Growing up, Ronan Day-Lewis admits he never fully understood what his father did when he took on all those Method acting challenges.
“His work was so mysterious to me,” he says. “It was always kind of behind a curtain. Others mythologized him and I absorbed that. He’s my dad, but then also he had this other life that he would kind of disappear into in these films he would do. Getting to see that process from this completely different vantage point was pretty thrilling. There were aspects of it that are still a mystery to me, because so much of what he does and the way he works to makes these people feel like real human beings is kind of mystical.”
The 27-year-old Ronan Day-Lewis knows how it looks that his first feature as a director stars his Oscar-winning father, but that wasn’t the plan. He was set to make a different film in Germany, only to see the funding collapse at the last minute.
“I knew that the baggage that would be attached to working with my dad and also the pressure that would be attached to that,” he says. “I definitely had some ambivalence. I wanted to carve my own path, and I foresaw how it might be perceived. There’s rightfully been a lot of talk about nepotism.”
Ultimately, he brushed aside any concerns of being called a “nepo baby” and took the leap. It helped that he had success in his own right as a painter, exhibiting in major galleries in New York and Los Angeles.
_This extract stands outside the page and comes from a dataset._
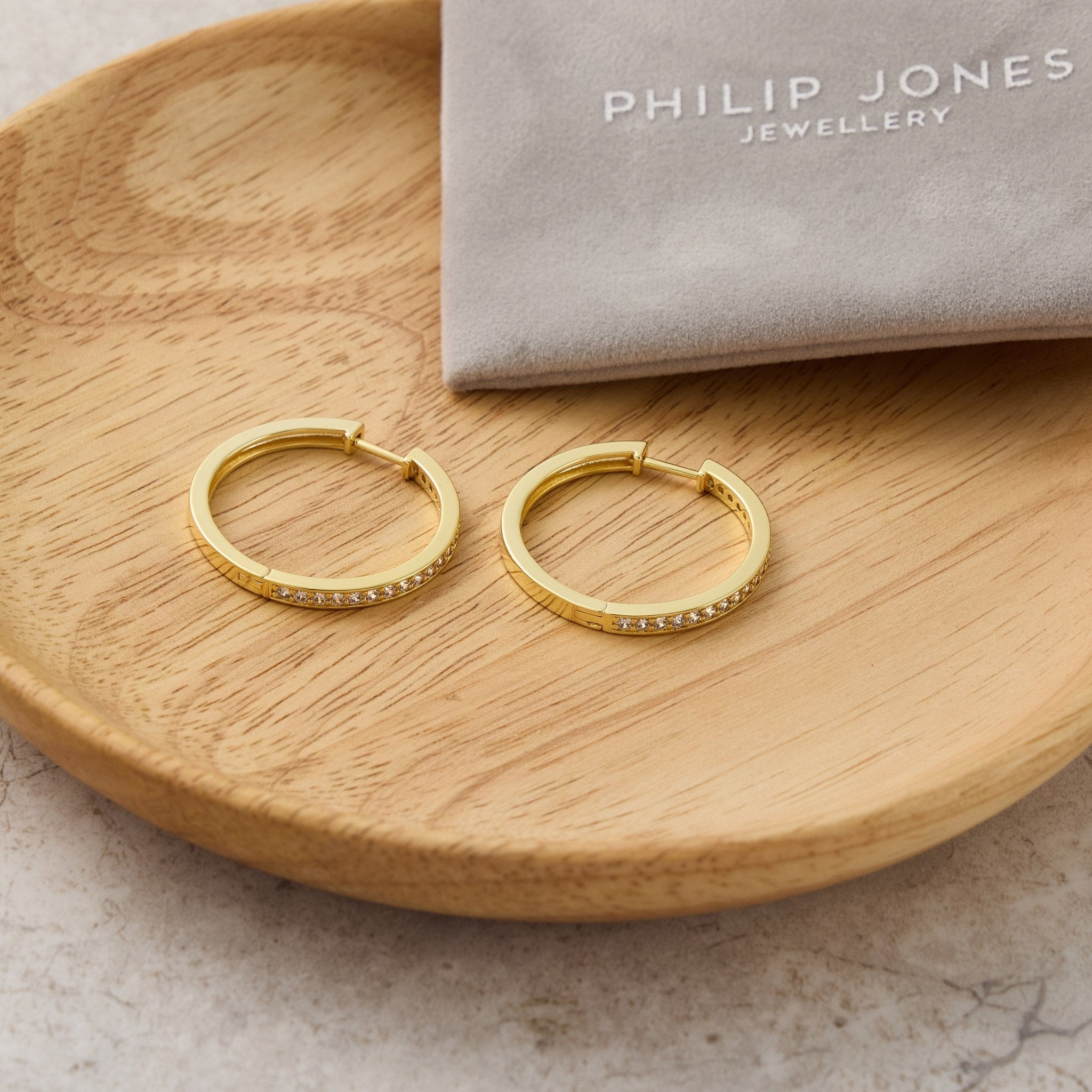 18k Gold Plated 30mm Hoop Earrings Created with Zircondia® Crystals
And he reasoned he couldn’t turn down the opportunity. “It’s such a cosmically lucky thing to be able to work with your parent in this way. Ten years from now, I’d be kicking myself if I’d passed it up.”
It was Daniel Day-Lewis who first proposed finding a project that they could make together. Both men had been independently toying with the idea of doing something about brothers. “The archetype of brotherhood and the beauty and tragedy of that archetype felt like something we wanted to explore,” Ronan Day-Lewis says.
“Anemone,” which opens in limited release on Oct. 3, is the story of two estranged siblings (Daniel Day-Lewis and Sean Bean) who reunite to deal with a family crisis. It took Daniel and Ronan Day-Lewis four years to hone the script.
“We did an outline first,” Ronan says. “Then we worked in fits and burst. We would only write when we were in the same place, and we’d often be in different locations for long periods of time, which gave us distance from it. So by the time we came back together, the appetite built up again, and we could push the characters a little bit further into the dark.”
As they worked, Daniel Day-Lewis would improvise as Ray and Ronan Day-Lewis would fine-tune the dialogue he came up with on the fly. Eventually, they realized they were ready to make the leap.
“The bones were there and that was terrifying, because suddenly it all became very real,” says Ronan Day-Lewis.
What they came up with was a moody, spare chamber piece. Ray is living off-the-grid in the woods when Bean’s character tracks him down, trying desperately to convince him to return to civilization. Much of the movie is silent, as the two brothers circle each other gingerly. But when Ray does drop his guard, he does so in a torrent of words, delivering searing monologues, in which he describes past abuses and mistakes that have left him cut off from the world.
“It’s a story about withholding information,” says Ronan Day-Lewis. “It comes out in drips at first and then there’s an explosion, because when it rains, it pours.”